> [The task] Output all entries exactly as they appear and skip the pictures.

**** Given entries ****

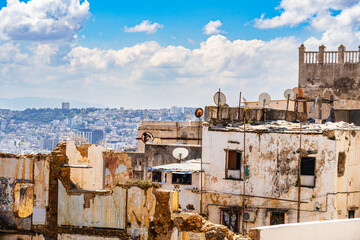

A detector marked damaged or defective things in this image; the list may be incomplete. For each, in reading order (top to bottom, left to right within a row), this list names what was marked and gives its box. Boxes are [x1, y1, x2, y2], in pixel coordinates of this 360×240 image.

peeling paint wall [202, 126, 340, 232]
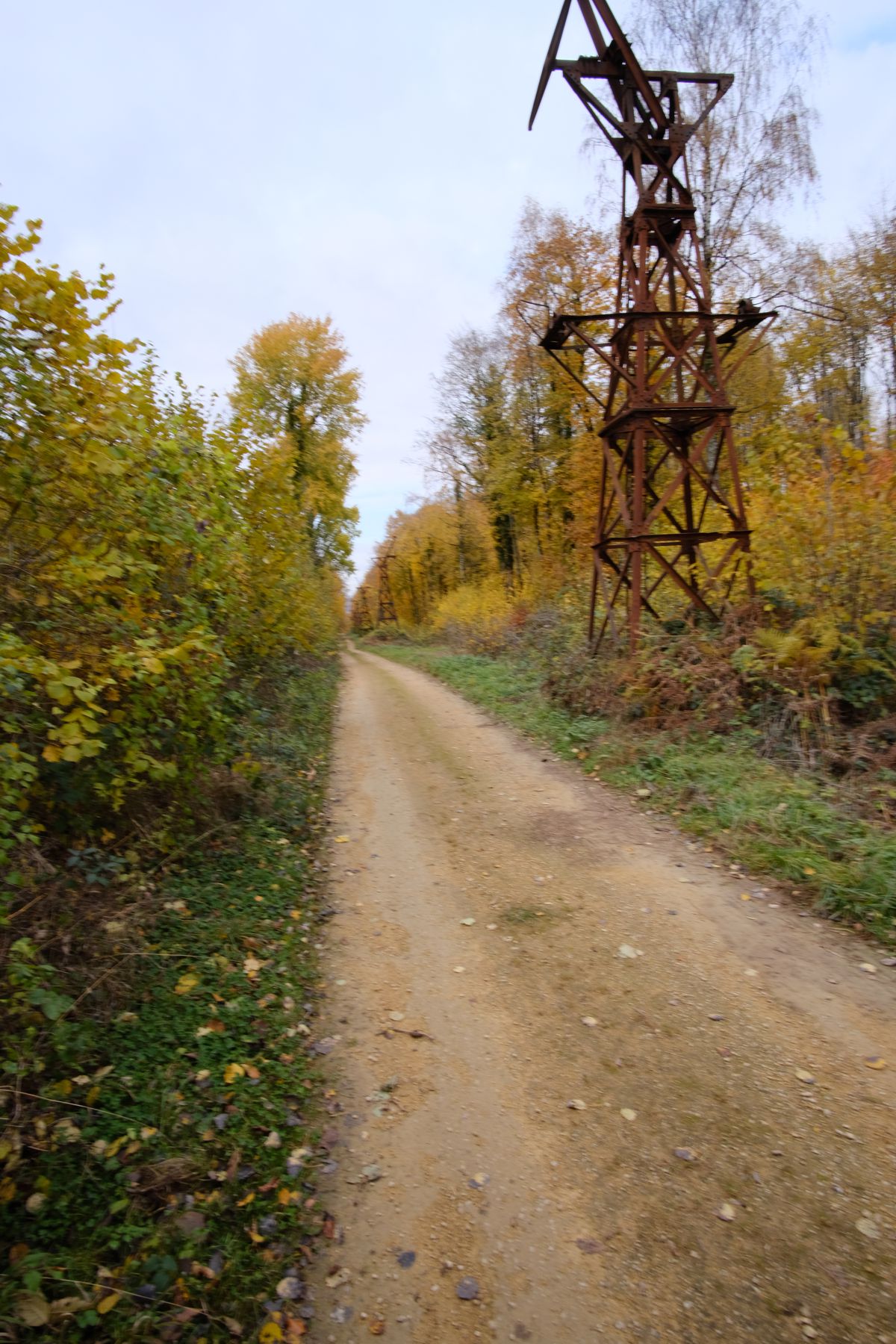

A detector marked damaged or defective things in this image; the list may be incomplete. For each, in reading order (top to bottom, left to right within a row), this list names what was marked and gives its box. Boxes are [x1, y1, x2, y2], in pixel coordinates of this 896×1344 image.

rusted steel pylon [352, 585, 373, 632]
rusted steel pylon [376, 551, 394, 623]
rusty lattice tower [373, 551, 397, 623]
rusted steel pylon [529, 0, 774, 650]
rusty lattice tower [529, 0, 774, 650]
rust on metal [529, 0, 774, 650]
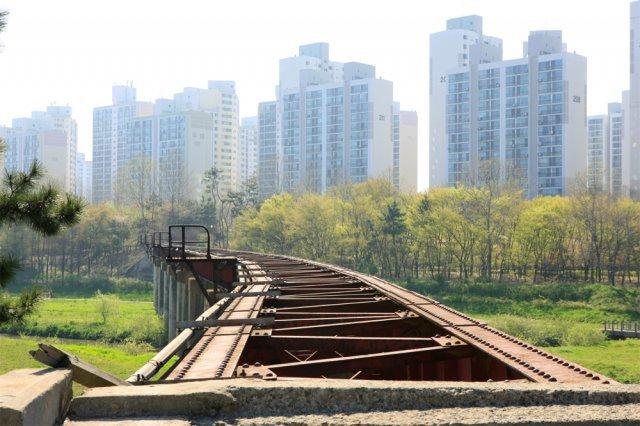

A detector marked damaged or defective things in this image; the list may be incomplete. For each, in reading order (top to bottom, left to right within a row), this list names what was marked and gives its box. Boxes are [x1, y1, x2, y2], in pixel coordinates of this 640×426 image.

rusty steel bridge [129, 226, 616, 386]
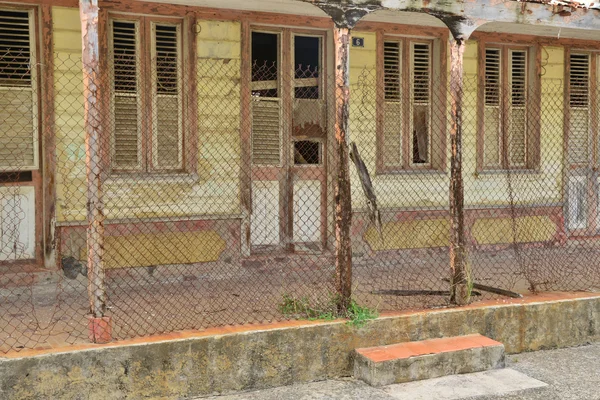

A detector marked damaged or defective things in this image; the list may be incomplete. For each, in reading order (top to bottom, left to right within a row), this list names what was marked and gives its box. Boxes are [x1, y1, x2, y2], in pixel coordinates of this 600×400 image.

rusty metal post [79, 0, 110, 340]
rusted column [79, 0, 110, 342]
rusty pole base [88, 316, 113, 344]
rusty fence wire [0, 52, 596, 354]
rusted column [332, 26, 352, 310]
rusty metal post [332, 26, 352, 310]
rusty metal post [450, 37, 468, 306]
rusted column [448, 37, 472, 306]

****

> [Answer]
A detector marked damaged or defective things in this image; the list may be incomplete. For each, in reading order (top to bottom, left to right within a row), this list names what was marked and gives its box. Boxes are [x1, y1, x2, y2], in pixel coordinates of this 360×240 image.

peeling paint wall [202, 126, 340, 232]

A detector marked damaged or defective things in this image; the list may be incomplete. For each, in reading order (top to bottom, left to right within a row), this list names what was marked and gives its box. Boxes are [x1, y1, x2, y2], in pixel coordinates of this 896×1344 image.

rusted steel pylon [352, 585, 373, 632]
rusted steel pylon [376, 551, 394, 623]
rusty lattice tower [373, 551, 397, 623]
rusted steel pylon [529, 0, 774, 650]
rusty lattice tower [529, 0, 774, 650]
rust on metal [529, 0, 774, 650]

A detector marked damaged or defective things in this image; the list may be incomplete. For each, in reading order (top to bottom, left to right within a row), this list names what was marked and gives its box. Boxes are [x1, y1, x2, y2], in pixel coordinates of this 640×426 image.

rusty steel bridge [129, 226, 616, 386]

A detector marked damaged or defective things in this image; the list may be incomplete. For each, in reading order (top to bottom, left to right within a row), this list names what was marked and gives its box. Boxes are [x1, y1, x2, y2], in pixel coordinates of this 600×400 image.

rusty metal post [79, 0, 110, 340]
rusted column [79, 0, 110, 342]
rusty pole base [88, 316, 113, 344]
rusty fence wire [0, 52, 596, 354]
rusted column [332, 26, 352, 310]
rusty metal post [332, 26, 352, 310]
rusty metal post [450, 37, 468, 306]
rusted column [448, 37, 472, 306]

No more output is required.